Salvante explained that Mullis’ work stood out because of the subtle sexual nature of the pieces.

“Her work is very playful… She had suggestions of figurative anatomical elements that refer to the female gender, so her work is speaking about female sexuality,” Salvante said. “It delves a little bit into an erotic kind of image, but not so much where it’s immediate… She’s asking questions about female sexuality and our cultural perceptions about that, which is why we thought her work [would appeal] to students, because a majority of students at [this age] are asking those questions.”

Mullis also explained that through her creative research, she found herself in a space where gender matters and doesn’t matter, at the same time. While gender and sexuality are different from each other, they are usually involved together. 

“It is the very instability of their categories that produces such intrigue and pleasure for me as a maker,” Mullis explained. “Driven by haptic obsession, it is through making, that I try to understand them.”

Mullis said her material choice for her artworks depends on the idea she is trying to communicate.
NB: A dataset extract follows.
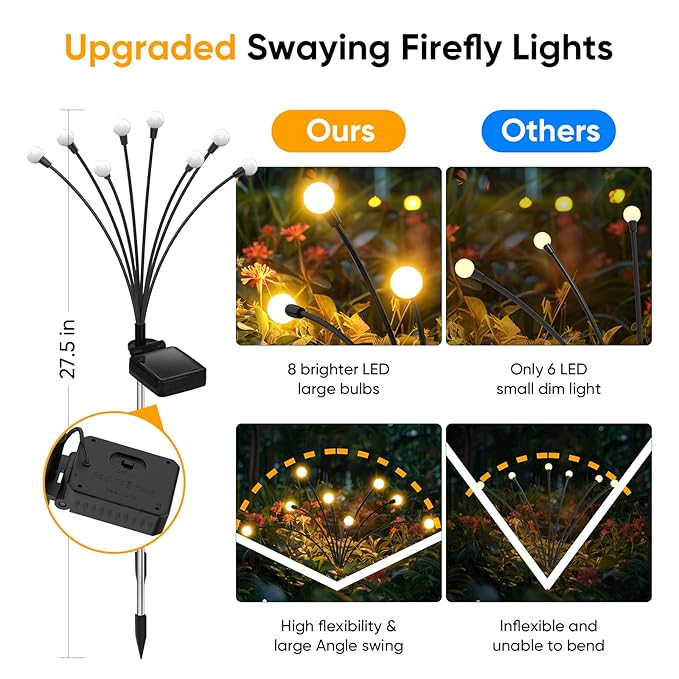 Garden Firefly 8 LED Solar Light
The materials she has used ranges from wax, teddy bears, wallpapers, sand, uneaten pizza and so many more.

“I don’t like it because it makes me feel good or validates my sense of self,” Mullis said. “In fact, I am fascinated with art making because it is a vehicle to ask why again, to poke holes in facades that seem concrete, and to embrace the inevitable instability of everything.”

Mullis’ exhibition and residency begins at Rowan in 2018 for the spring semester. Before her residency starts, she has a solo show at Bucknell University’s Downtown Art Gallery that opened on Oct. 24, and will be on display until Feb. 11, 2018. The show is called “Who is Puberty and how does she hit?” as well as a solo show at Neon Heater Gallery in Findlay, Ohio in March 2018.